Just when you thought it was all over

  • Published
  • By Master Sgt. Kerry Bartlett
  • 934th Airlift Wing Public Affairs
Perhaps the greatest fear these days is the fear of losing a job. After all, the consequences can be devastating. The trickle-down effect from a single event often results in the loss of a home, loss of retirement savings and even the loss of a relationship.

Amid uncertain economic times, draw downs looming on the horizon and a shrinking civilian job sector, our thoughts can be consumed by the fear of losing a job.

Fear not. Just when you thought it was all over, I am here to tell you that it is not. There are several options reservists have to sustain and continue their career. In fact, reserve duty may be one of the best career options available anywhere. You just have to be flexible and keep your options open. The answer may be right in front of you.

Following eleven years of active duty in the Marine Corps, I packed my bags and headed home. I found a good civilian job, bought a house and was living the American dream with my wife and step son.

After four years away from the military, I regained the desire to complete my military career. I joined the National Guard in my home town and drilled a matter of blocks from my house. It was a convenient arrangement that allowed me to pursue my goal of establishing two retirement funds.

Then the unexpected happened. The high tech company I was working for started to collapse. During the next three years, there were many layoffs and the company that was once near 10,000 employees shrunk to about 3000. I was fortunate to keep my job that long and knew my number was coming up fast. While still employed, I found a job with another company and waited to get laid off. When the day finally came, I accepted my severance package and moved quickly into the new job I had kept on the back burner for some time. I continued to drill one weekend a month and do my annual tour with the Guard.

The new job was working out ok despite a 75 minute commute one way.

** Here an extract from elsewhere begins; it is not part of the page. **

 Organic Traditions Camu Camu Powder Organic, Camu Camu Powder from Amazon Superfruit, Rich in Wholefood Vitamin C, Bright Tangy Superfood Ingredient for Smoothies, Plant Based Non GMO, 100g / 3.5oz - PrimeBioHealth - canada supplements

Unfortunately, the new job was also connected to the high tech industry and six months after I joined that company, they closed their doors.

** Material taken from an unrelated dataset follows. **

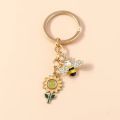 Cute Smile Sun Keychains Enamel Plant Cactus Charms Keyrings Women Men Handbag Pendants Key Chains Accessories DIY Jewelry Gifts. 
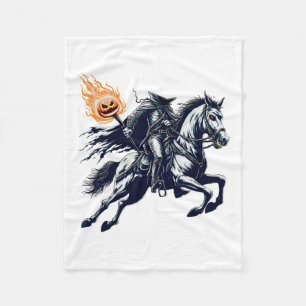 Halloween Scary Pumpkin Hoofdloze Ruiter Fleece Deken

Jobs were getting tight. Through connections in the Guard, I was able to move into a recruiting position which actually resulted in a huge pay increase and very generous benefits. After four years, the demands of recruiting took its toll and I eventually walked away. Ironically, a fellow Guard recruiter introduced me to the 934th and when I had the chance, I jumped.

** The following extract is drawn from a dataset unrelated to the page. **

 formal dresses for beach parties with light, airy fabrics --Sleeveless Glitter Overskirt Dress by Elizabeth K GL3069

After being in the 934th for a while, a fellow airman referred me to a good company that led to a quick interview and an offer. Naturally, I accepted.
Since then, my career has found solid ground and things are looking great. Through it all, when the civilian job market failed, the reserves kept me going. Through a mix of active duty, training and miscellaneous assignments, I survived.
I was willing to change career fields, duty assignments and even uniforms.
Perhaps more importantly, it was the relationships I forged in the guard and reserve that lead to new opportunities.

Remember, change is a natural part of life and careers. Expect it and plan ahead. Keep your options open; see the bigger picture and be willing to make dramatic moves.
Finally, if your military career is cut short unexpectedly, remember, as Americans we are all on the same team, so put your biases aside. I did and it worked out great for me.